Ultrashort laser pulses have broad spectral bandwidth, which can result in the formation of spatio-temporal couplings (STCs) that affect their behaviour. These couplings, arising from the chromatic properties of optical elements, can cause spatial and temporal changes in the pulse, such as the reduction of its peak intensity. However, deliberate manipulation of STCs can lead to unique light pulses with applications in various fields, such as laser-driven wakefield accelerators and orbital angular momentum beams. The expanding use of ultrafast laser pulses in different applications has created a demand for robust methods to measure their properties. Resolving STCs requires obtaining wavefront information over a three-dimensional hypercube of position and time (or spectra). Most existing techniques rely on scanning over one or two of the dimensions; for example, by using array sensors like CMOS cameras. However, these methods are time-consuming, unable to capture shot-to-shot variations and laser drift, and often lack resolution and spectral range.

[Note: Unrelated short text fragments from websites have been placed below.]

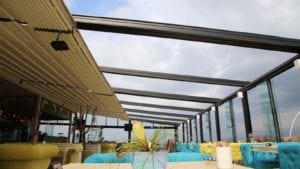 Retractable Canopy over Seating Area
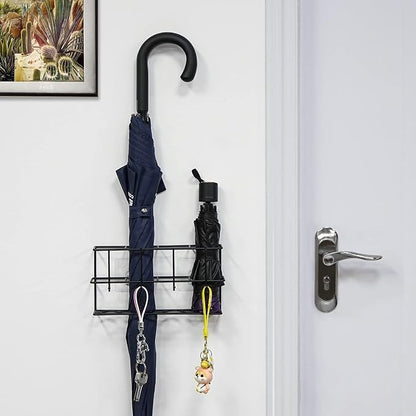 Wall Mounted Umbrella Storage Rack, Umbrella Storage Drain Rack, Self Adhesive Household Umbrella Holder (Black)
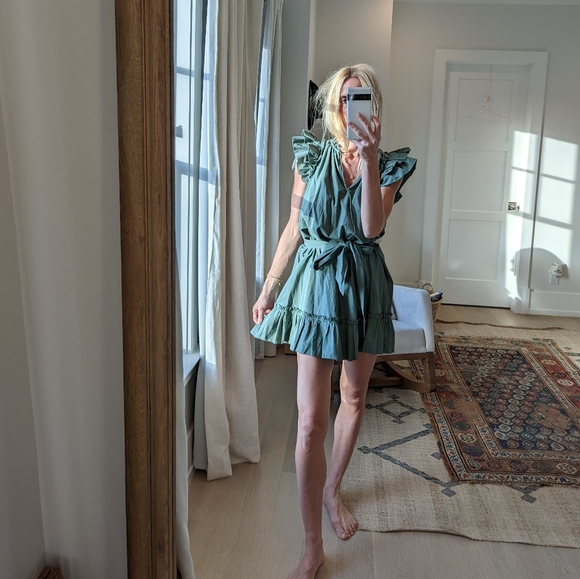 Unsubscribed Ruffle Sleeve Dress NWT Olive Daze Size Small - Picture 5 of 6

While there are some single-shot methods available, they currently suffer from low resolution, limited spectral range, and implementation challenges.

Taking inspiration from the recent influx of machine learning methods being applied to laser science, the presented technique achieves a high-resolution single-shot measurement of the spatio-temporal wavefront by combining a conventional wavefront sensor with Snapshot Compressive Imaging – a computer vision method that aims to recover three-dimensional data from a single capture of a two-dimensional sensor. The pulse is first passed through a wavefront sensor, such as the quadriwave lateral shearing interferometer (QWLSI) used in this report, although other wavefront sensors are also applicable. The QWLSI uses a checkboard grating to create four laterally sheared copies of the pulse, leading to the gradient of the wavefront being encoded in an interferogram. As the pulse travels through the QWLSI, the spatial wavefront of each spectral slice is encoded into an interferogram, yielding a hypercube of interferograms that contains the encoded spatio-temporal wavefront information. In conventional wavefront sensing, here one would use a camera to integrate over the spectral dimension yielding a single interferogram; but this would prevent the extraction of the spectral phase. Instead, one can utilise snapshot compressive imaging (SCI) to capture the full cube. This approach is based on the principles of compressed sensing, and works by first randomly sampling the cube onto the two-dimensional sensor using an optical setup consisting of a random transmission mask and a dispersive element. What is captured on the sensor is termed the coded shot. Machine learning techniques are then able to reconstruct the three-dimensional information from this with high accuracy. Here, the spatio-temporal wavefront can be recovered by two subsequent reconstructions; firstly, the hypercube of interferograms from the coded shot, and finally the spatio-temporal wavefront is recovered from this hypercube. A schematic of the optical set up and a reconstruction is shown in figures 1 and 2 respectively.

The technique was proposed by a collaboration of research groups from the University of Oxford and LMU Munich, and represented the first time that wavefront sensing had been combined with snapshot compressive imaging. They implemented a state-of-the-art deep unrolling algorithm to perform the snapshot compressive imaging reconstruction, which represents an optimum compromise between well generalising iterative algorithms and highly expressive neural networks. Furthermore, they used a convolutional neural network (Xception) to perform the reconstruction of the wavefront from the interferograms, which allows for a large speed increase over existing methods (such as Fourier filtering), and could potentially enable a live optimization of the pulse in the future. The QWLSI was chosen due to the fact that each interferogram contains the information of two sets of orthogonal gradients, and this redundancy allows for a more robust reconstruction.

"Existing methods to characterise spatio-temporal couplings in ultrashort laser pulses are cumbersome to implement and require many shots," explains Sunny Howard, a DPhil student at the University of Oxford. "Our proposed method achieves a high-resolution characterisation in a single shot, allowing for the detection of shot-to-shot variations and the potential of live optimization."

Follow on work will include the experimental realisation of this technique, and the use of it to characterise the ATLAS-3000 Laser at the Center for Advanced Laser Applications (CALA). In the future, the device is hoped to be used to optimize exotic light pulses, such as those possessing orbital angular momentum.

The research results are published in High Power Laser Science and Engineering, Volume 11, Issue 3 (Sunny Howard, Jannik Esslinger, Robin H. W. Wang, Peter Norreys, Andreas Döpp. Hyperspectral compressive wavefront sensing[J]. High Power Laser Science and Engineering, 2023, 11(3): 03000e32).

Figure 1: The optical setup. The pulse travels through the QWLSI yielding an interferogram hypercube that contains the desired spatio-temporal wavefront information. This is then captured using SCI, by the random sampling of the cube using a random mask and a prism. The camera captures the coded shot.